What to produce >> Your output should be the lines from the one containing "Luxury Wooden Design" through the last line below, both ends included, exactly as written and free of pictures.

Supplied material >>
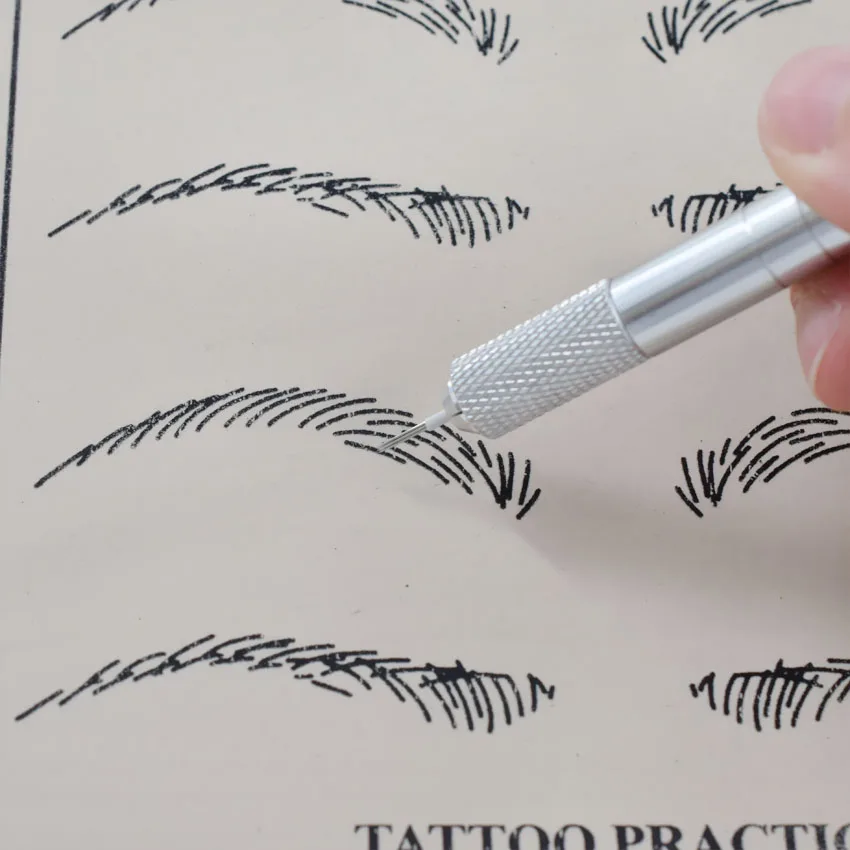 Tattoo Round Needles for Manual Pen Semi Permanent Makeup Fog Needle Microblading Eyebrow | Красота и здоровье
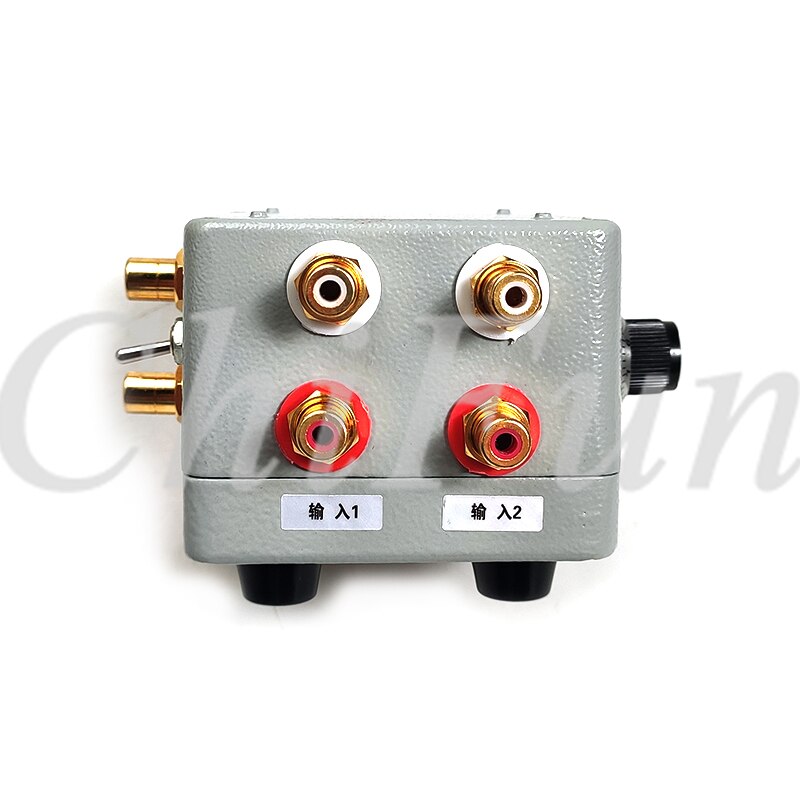 balance controller Left and right volume controller RCA input RCA output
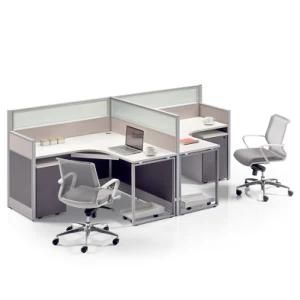Luxury Wooden Design E0 MFC MDF Office Workstation Staff Table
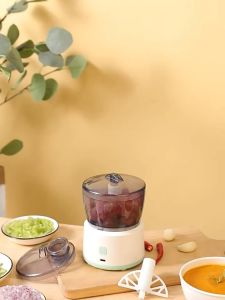 เครื่องบดสับผักผลไม้/อาหารเสริมเด็ก มอเตอร์พิเศษ 200W พร้อมแก้วกันลื่น ดีไซน์หรู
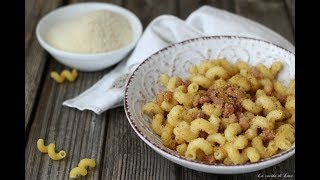 Cavatappi con pancetta e pane saltato [upl. by Atiram763]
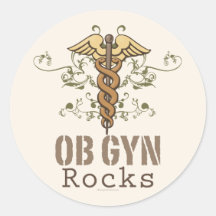OB GYN bascule des autocollants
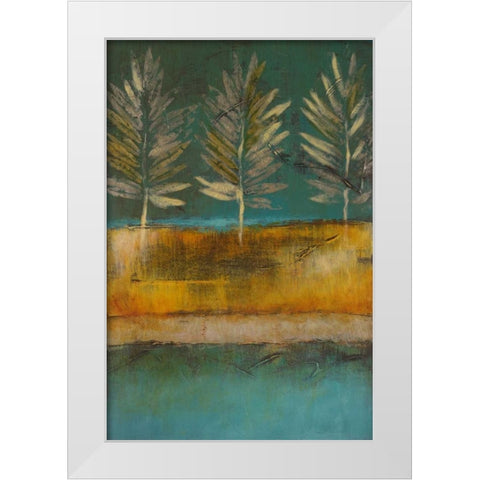 Midnight Island I White Modern Wood Framed Art Print by Loreth, Lanie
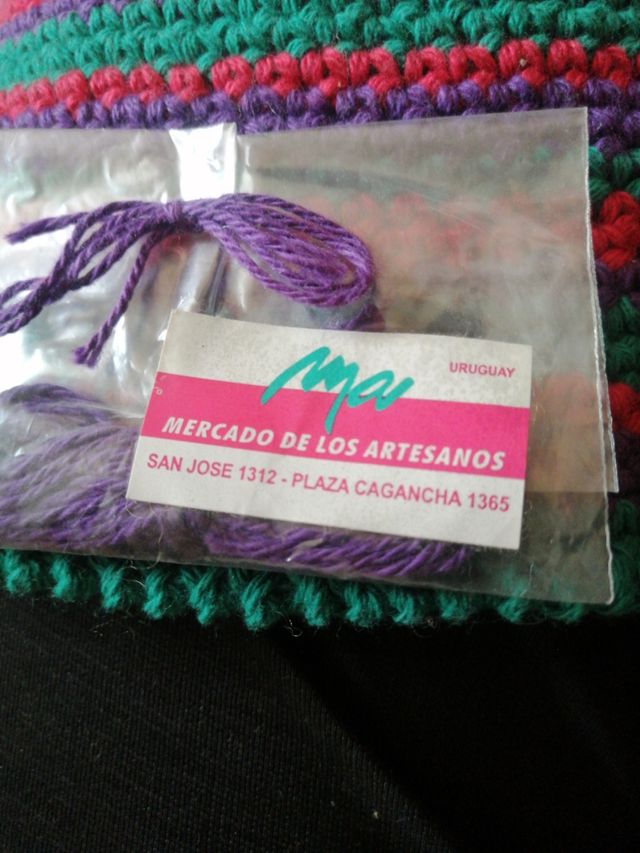 GORRO VARIOS COLORES ARTESANO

Task solution >>
Luxury Wooden Design E0 MFC MDF Office Workstation Staff Table
 เครื่องบดสับผักผลไม้/อาหารเสริมเด็ก มอเตอร์พิเศษ 200W พร้อมแก้วกันลื่น ดีไซน์หรู
 Cavatappi con pancetta e pane saltato [upl. by Atiram763]
OB GYN bascule des autocollants
 Midnight Island I White Modern Wood Framed Art Print by Loreth, Lanie
 GORRO VARIOS COLORES ARTESANO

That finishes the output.